In the on-line covering problem for covering the unit cube by cubes, we
are given a sequence of smaller cubes of side lengths *s*_{1},
*s*_{2},...,*s*_{n}, and we have to place them
in such a way that the whole unit cube in *d*-dimensional Euclidean
space is covered if possible. The cubes are axis-parallel, they are allowed
to overlap, but the algorithm must place the *i*-th cube before knowing
the future cubes *s*_{i}_{+1}, *s*_{i}_{+2},...
We describe algorithms which are guaranteed to find a covering on-line
provided that the total volume (the sum of *s*_{i}^{d})

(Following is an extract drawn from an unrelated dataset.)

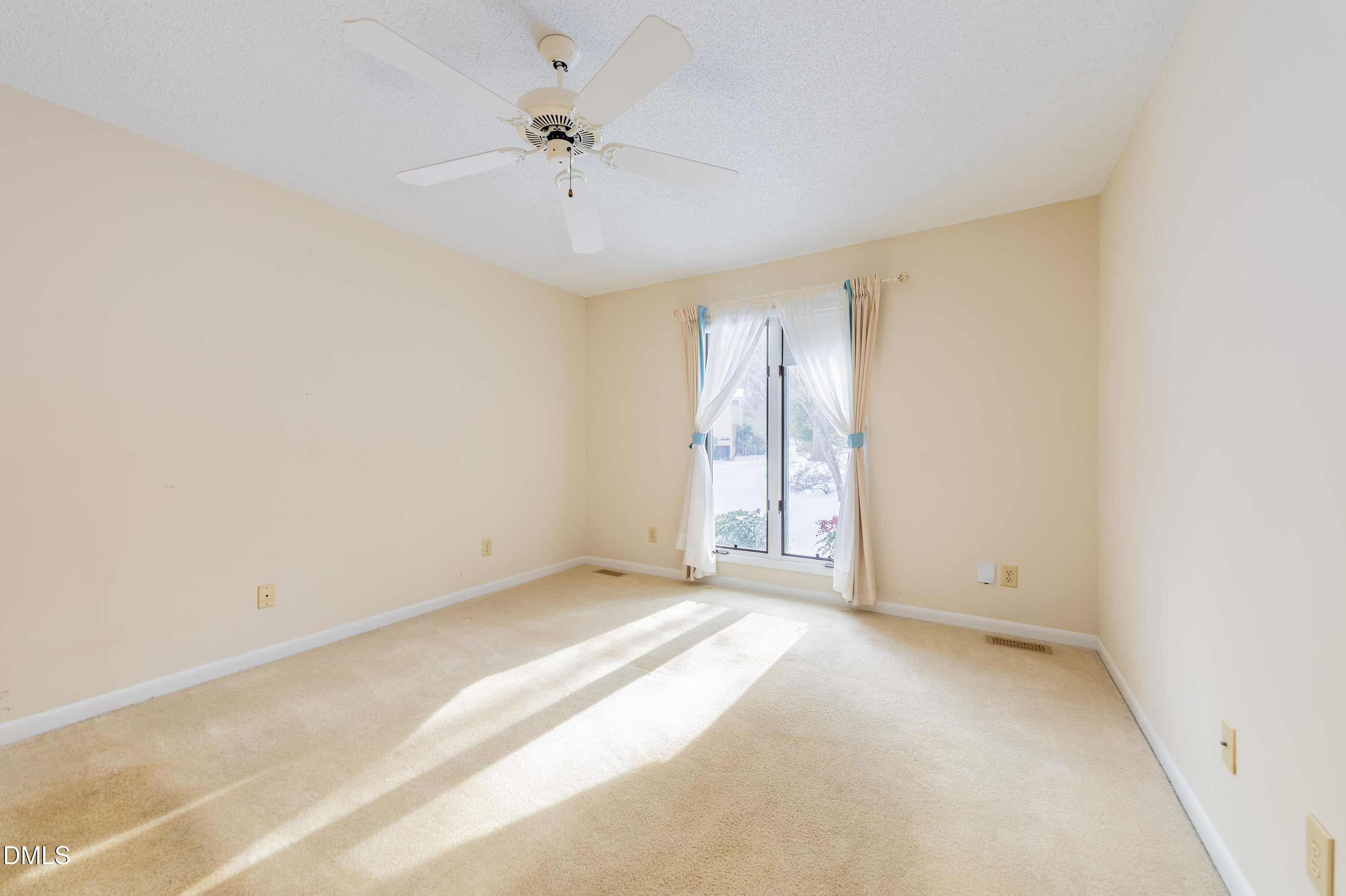 7918 Wood Cove Court Raleigh, NC 27615 - Photo 16 of 31 an empty room with chandelier fan and windows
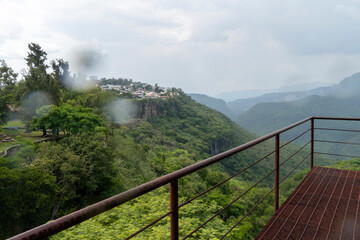 rusty old cable car, cable car ride in the rain, views of the canyon, vegetation and people. Mexico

is at least 2^{d}+3. (The true bound is actually a little
smaller.) This performance guarantee is quite strong, considering that
the existence of an (off-line) covering can only be ensured if the total
volume is at least 2^{d}-1. The best previous on-line bound
was 4^{d}, due to Wlodek Kuperberg.

We reduce this problem to an online interval covering problem for *q*-adic
intervals. In this problem, we have to cover the unit interval [0,1] by
intervals whose sizes are negative powers of *q*. The endpoints of
an interval of side length *q*^{-k} are restricted
to fall on multiples of *q*^{-k}. For this class of
problems, we consider a kind of simple on-line algorithm, the so-called
"method of the *n*-th segment", for some integer *n*>1. We give
performance guarantees for these algorithms, and show that the cases *n*=*q*+1,
*n*=*q*+2, and *n*=*q*+1 give the best results, depending
on *q*. For *q*=2^{d} these methods carry over
to the covering problem for *d*-dimensional cubes whose side lengths
are powers of 2.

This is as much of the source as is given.